Here's how it works:
- Find the site's average level of traffic before the campaign.
- Forecast this forward. If you've got the skills use a straight line or weighted regression model to do this more accurately.
- Use the site's average conversion rate to forecast "flat" revenue moving forward. You can also just start by forecasting revenue instead of traffic. Either way, you need to arrive at a relatively accurate revenue forecast.
- Now, you've been running your campaign for 9 months, and if you know what you are doing, you have some traffic or revenue growth to show for it. Let's assume this growth is 20% both in traffic and revenue.

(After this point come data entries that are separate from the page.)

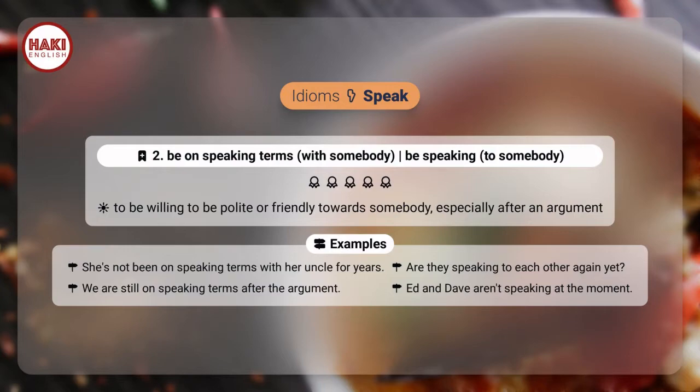Idioms 2. Be on speaking terms with somebody / be speaking to somebody — to be willing to be polite or friendly towards somebody, especially after an argument. Examples: she's not been on speaking terms with her uncle for years. Are they speaking to each other again yet? We are still on speaking terms after the argument. Ed and Dave aren't speaking at the moment.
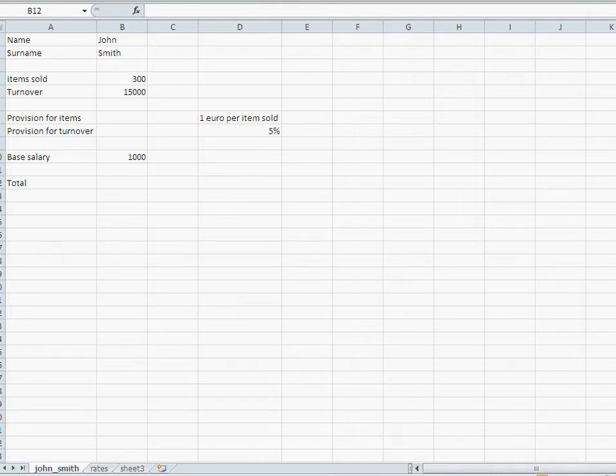Hi guys, in this video I'm going to explain one simple fact and that is avoid using constants in Excel calculations.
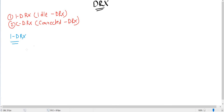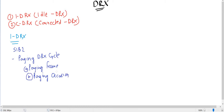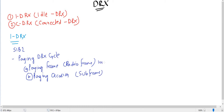Let's start with iDRX. During the UE initial attach procedure, the UE has to decode System Information Block 2 (SIB2). SIB2 carries parameters related to the paging DRX cycle, specifically the paging frame and the paging occasion. The paging frame is a kind of radio frame of 10 milliseconds, and the paging occasion is a subframe of 1 millisecond.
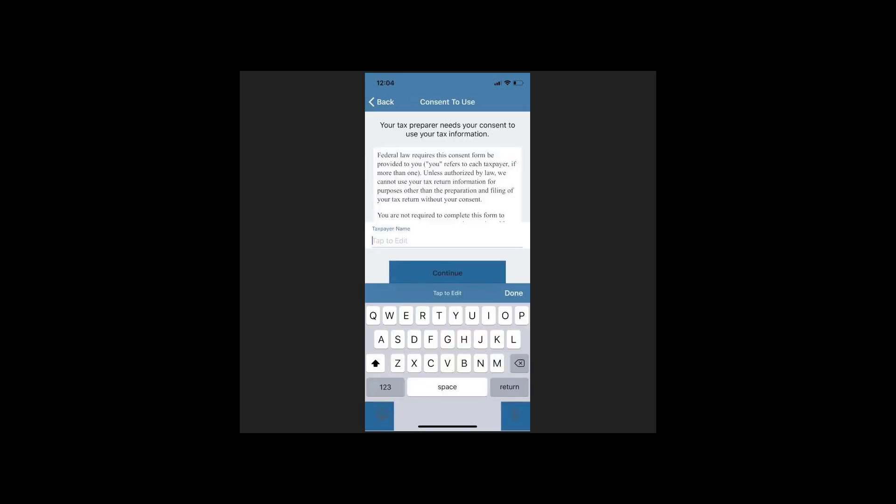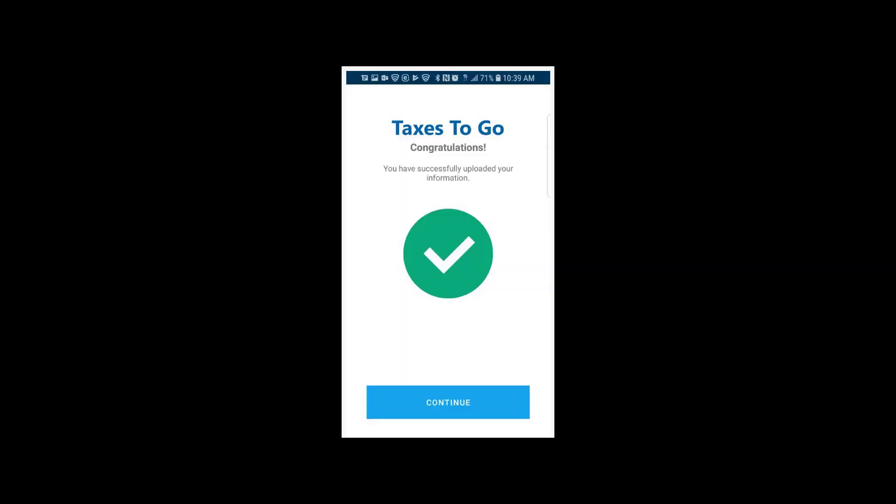Once the input process is complete, your customer will be prompted to sign a Consent to Use form, review and edit their data summary, and upload their documents.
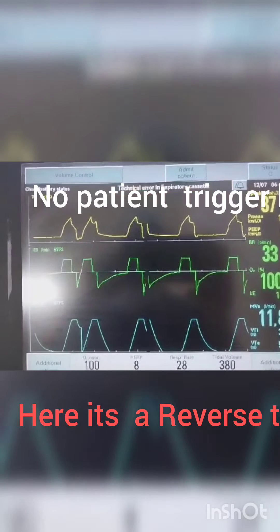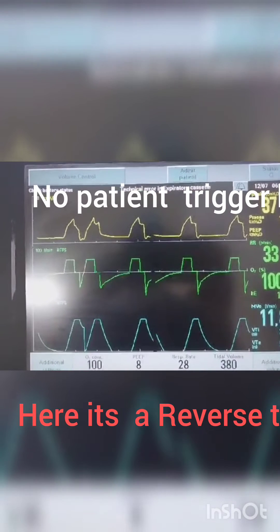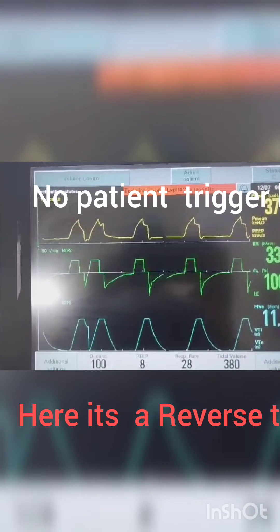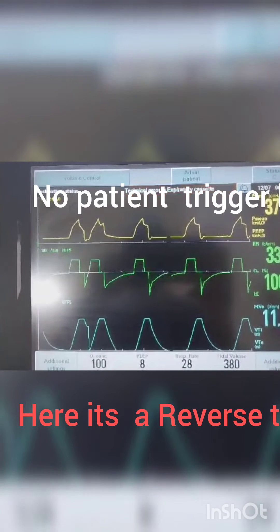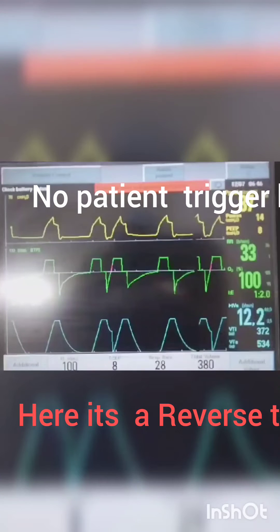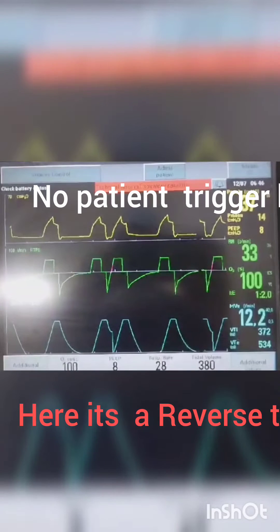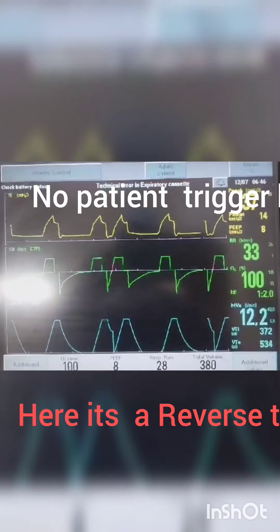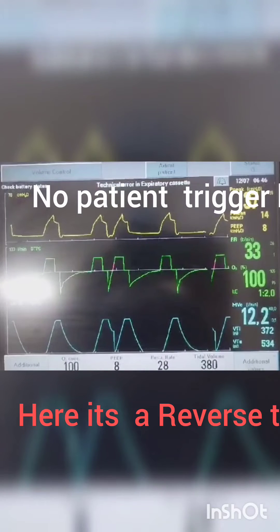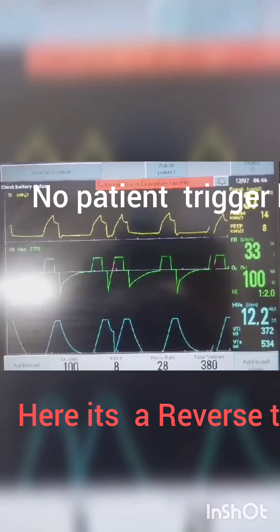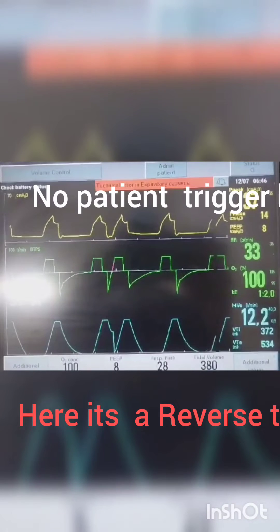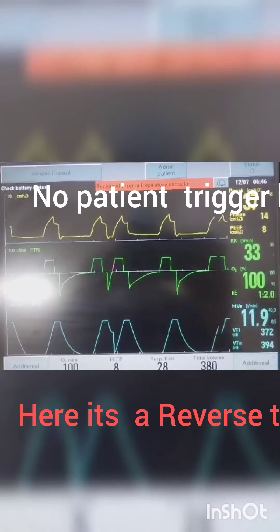Reverse trigger occurs when the patient is sedated and the tidal volume, whatever is set, is causing excessive diaphragmatic stretching, which ultimately leads to reflex diaphragmatic contraction and another tidal volume generation.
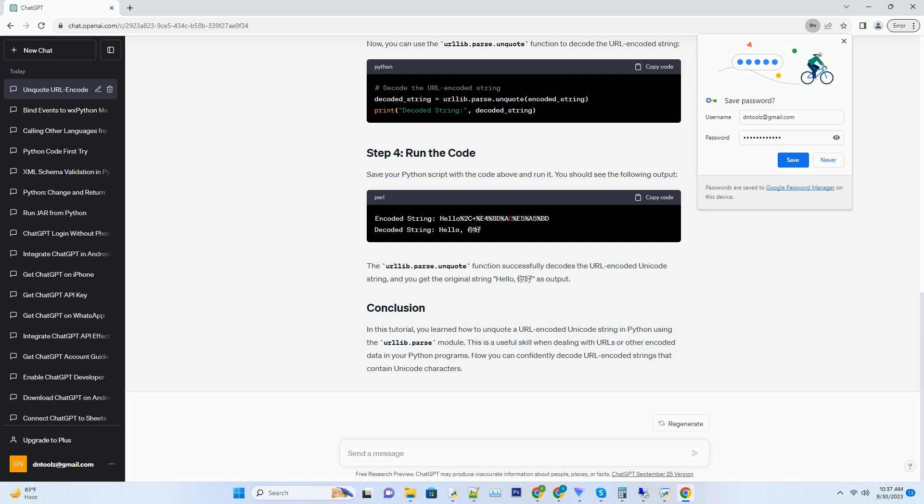In this tutorial, you learned how to unquote a URL encoded Unicode string in Python using the urllib.parse module. This is a useful skill when dealing with URLs or other encoded data in your Python programs.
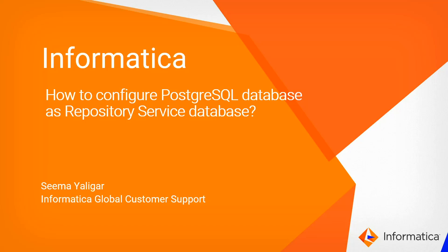Hello all, my name is Seema from Informatica Global Customer Support. In this video, we are going to see how to configure PostgreSQL database as a repository service database.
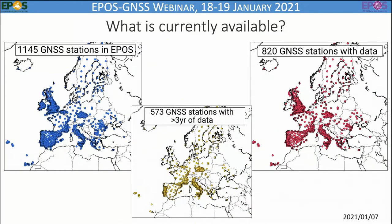Looking at a map view, this shows the same map Karin presented with all stations integrated in the EPOS framework. With red circles, you see all stations that have at least one file — corresponding to more than 800 stations. A separate view represents all stations that have at least three years of data, which is about 600 stations. Stations with more than three years of data generally have their complete archive, meaning eight, ten or even more years of data.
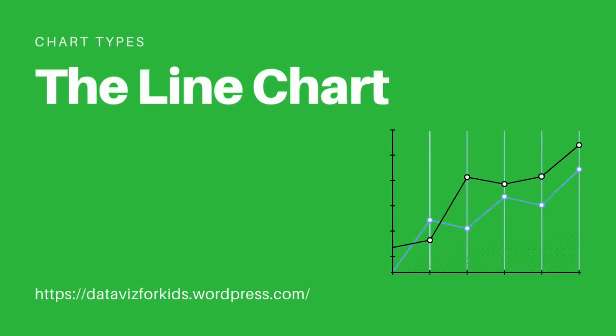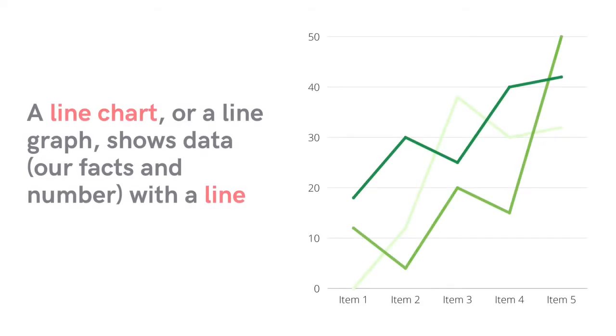Let's learn about line charts. A line chart, or a line graph, shows data—our facts and numbers—with a line.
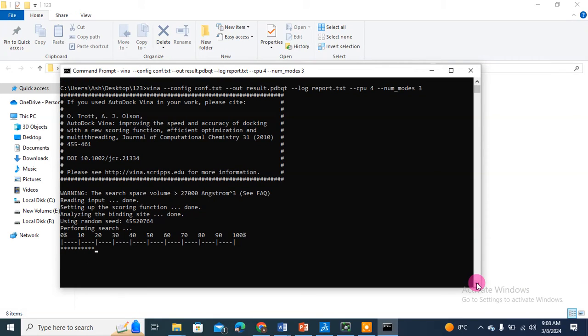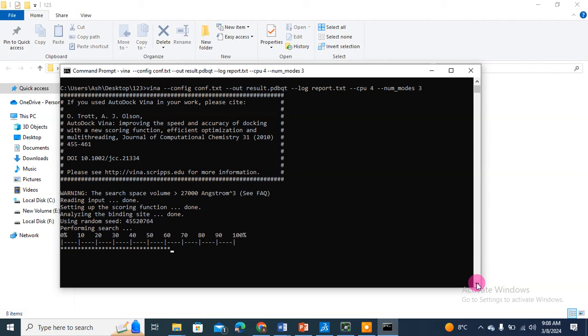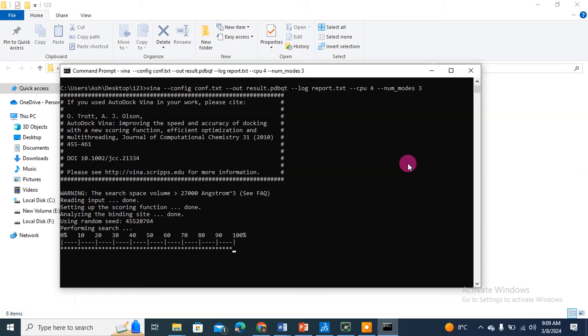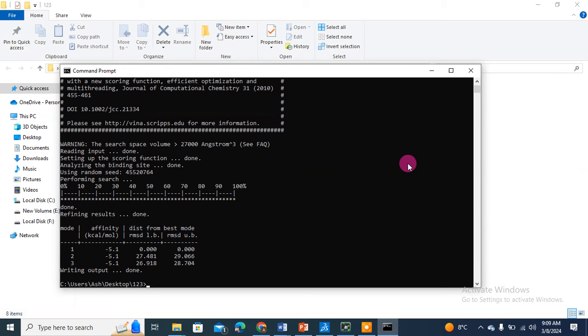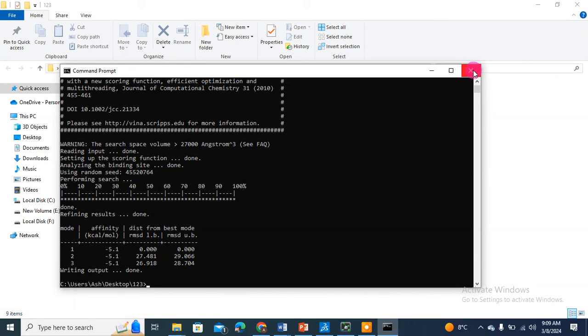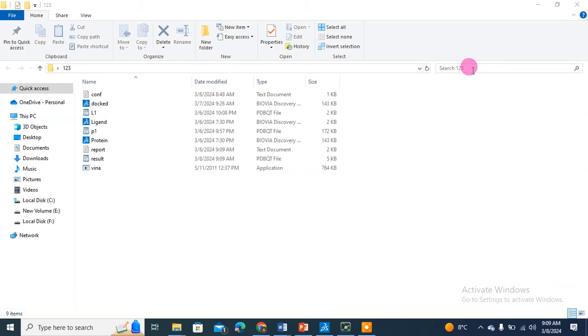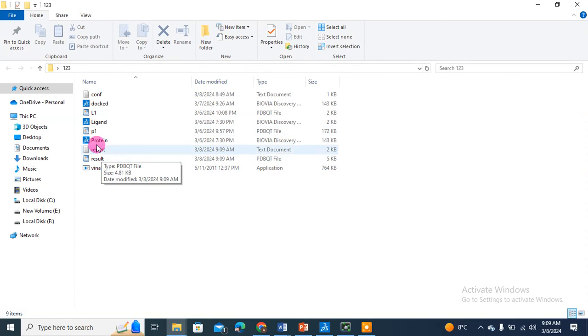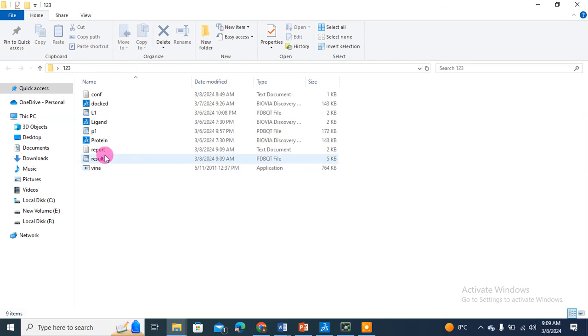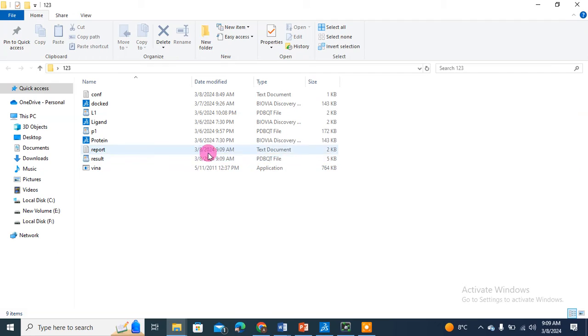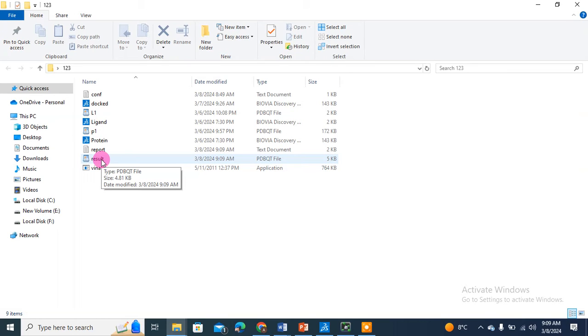Now it says analyzing the binding site. Last time it generated nine energies for nine different poses. This time it will generate three energies because I've asked it to generate energy for three poses. You can see one, two, three. I will quickly close this. Now see, this is our result.pdbqt.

- When you're putting the next report together you need to use future present value calculations and/or a terminal value to calculate the present value of those future cash flows. I'll give an example below.
How To Calculate Present and Terminal Values
We will now create up fictitious campaign for an example. We are going to assume the site we are working with received 50K visits a month and converted at 4% before the campaign. The value of each conversion is 30$. This means the site was making 60K a month in revenue.
We are going to assume that we have been optimizing for 9 months and have grown traffic by 20%. Traffic is now at 60K per month. We'll assume that if the client we're to cancel today, the traffic would remain at 60K per month for the foreseeable future. That means at the 4% conversion rate, with $30 conversions the new level of revenue is 72K per month. This is an increase of 12,000 over the pre-campaign revenue level
Usually the SEO would simply say that they increased ROI by 20% (as long as they are not being shady and taking credit for the client's existing traffic) or 12K in revenue. This is wrong. Let's apply the present value calculation to this scenario and really crank up the ROI. The basic PV (Present Value) calculation for this is:
PV = FV / (1 + i)^n
Using this method would require this calculation to be applied to each future cash flow and then sum them together. The good news is that Excel makes a handy formula that makes this calculation much simpler.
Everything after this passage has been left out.